Lío espera borracho en la parada del 37.
Nacho maneja su Fox con Seba de copiloto, escuchando “Pescado 2”.
Emanuel y Emilio se preparan un Calimocho.
Libertad amamanta a su futuro bebé.
Gatunni duerme.
Mientras, en Constitución: Yo voy camino al trabajo.
Lo primero que sentimos, una vez que entramos al perímetro que delimitan aquellas cuadras malditas del centro, es el olor a frito.
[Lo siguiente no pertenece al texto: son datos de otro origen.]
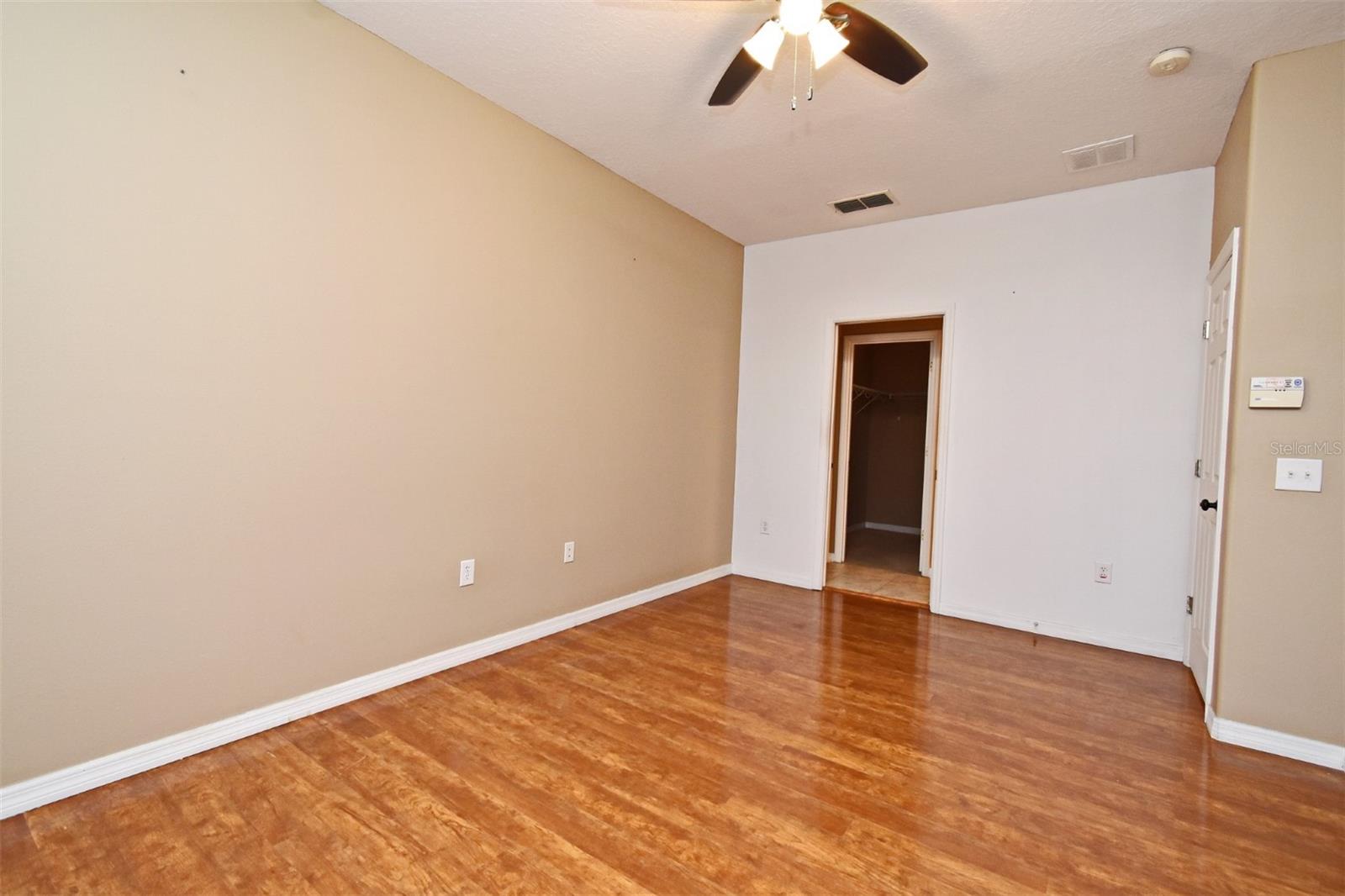 OAK RIDGE - Residential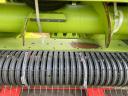 Claas PU 300 HD Contour silózó rendfelszedő adapter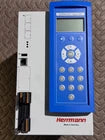 HERMANN ULTRAPLAST G7 DIGITAL 20/1600 , 20kHz ,230V ,85152 Ultrasonic Generator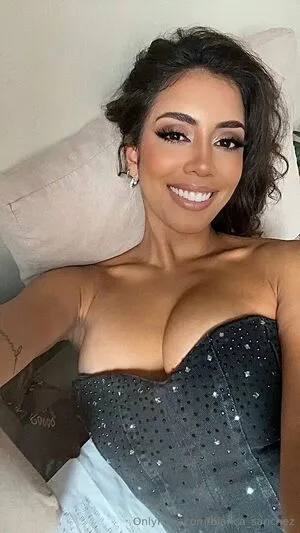 Bianca Sanchez OnlyFans Leaked Free Thumbnail Picture - #RwFLoHJ76J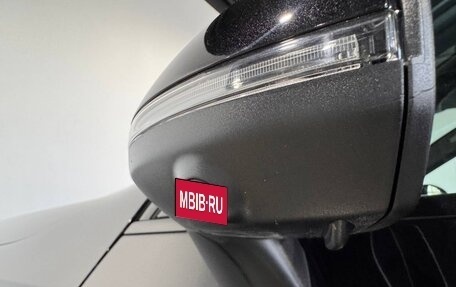 Mercedes-Benz GLC, 2023 год, 6 990 000 рублей, 12 фотография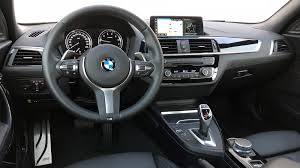 Find detailed gas mileage information, insurance estimates, and more. Ist Das Bmw M240i Xdrive Cabrio Der Bessere M2 Autofilou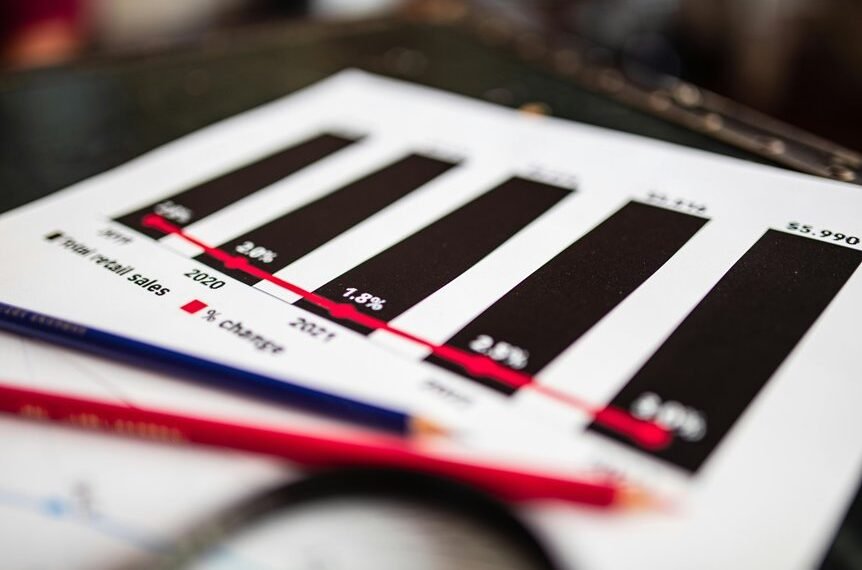 network integrity observation report ids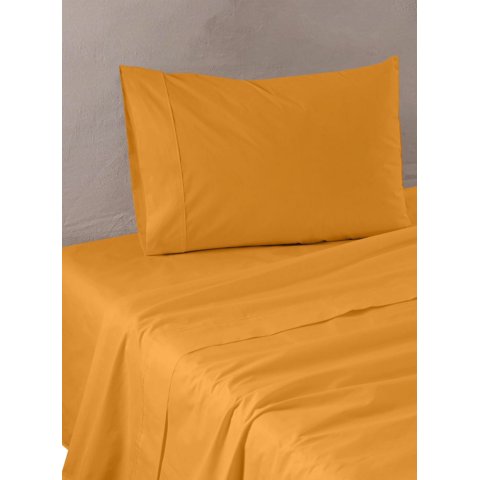 Chantilly - Sabanas 180H 2 0P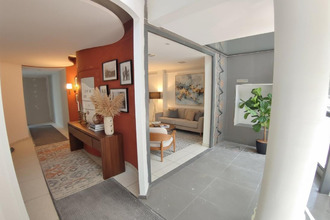 achat localcommercial rodez 12000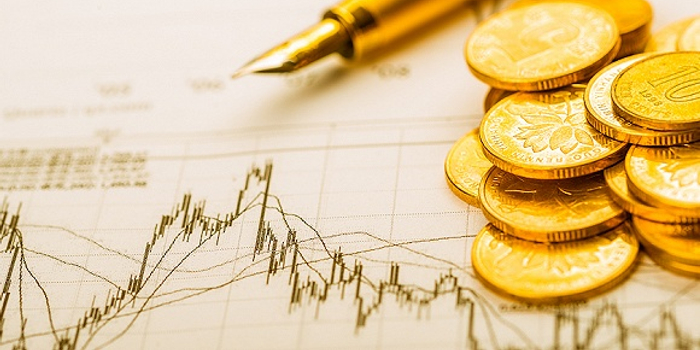 科创板影子股骆驼股份连续两日涨停,更多上市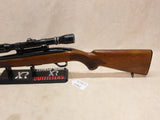 Model 100 308 Win #05065406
El olor a fritanga es penetrante y rancio, como si todo el lugar se hubiese freído durante días en el mismo aceite barato y berreta.
Pero el olor de Constitu es una fragancia compleja, un trabajo maestro de la baranda mundial. Al olor frito hay que combinarlo, en dosis exactas, con olor a concha laburada, transpiración sobre camisetas de Futbol, panchos, humo de caño de escape, sudor de tetas de gorda, linyera mojado, pene de travesti, olor a tren del ´45.
Creo que sin el sentido del olfato ninguno de nosotros podría reconocer a Constitución aunque se encontrase en Salta y Brasil, rodeado de vendedores de oro, rateros y drogadictos. Estaríamos perdidos, desorientados, sin saber si se trata de una pesadilla o de la misma muerte.
No es mi intención buscar algo romántico en Constitución, no es fuente de inspiración, no me remite a nada bello de mi infancia. No encuentro nada en ese lugar, simplemente es horrible. Pero una clase de horror que se acerca a lo infernal, a los confines del Hades mítico.
Y, claro, allí reside su misterio.
¿Esos hoteluchos, negocios, personas infernales tienen vida propia?
¿O están allí, como advertencia, solo para atormentarnos?
Como diciéndonos, pícaros: “Nunca digas nunca jamás”.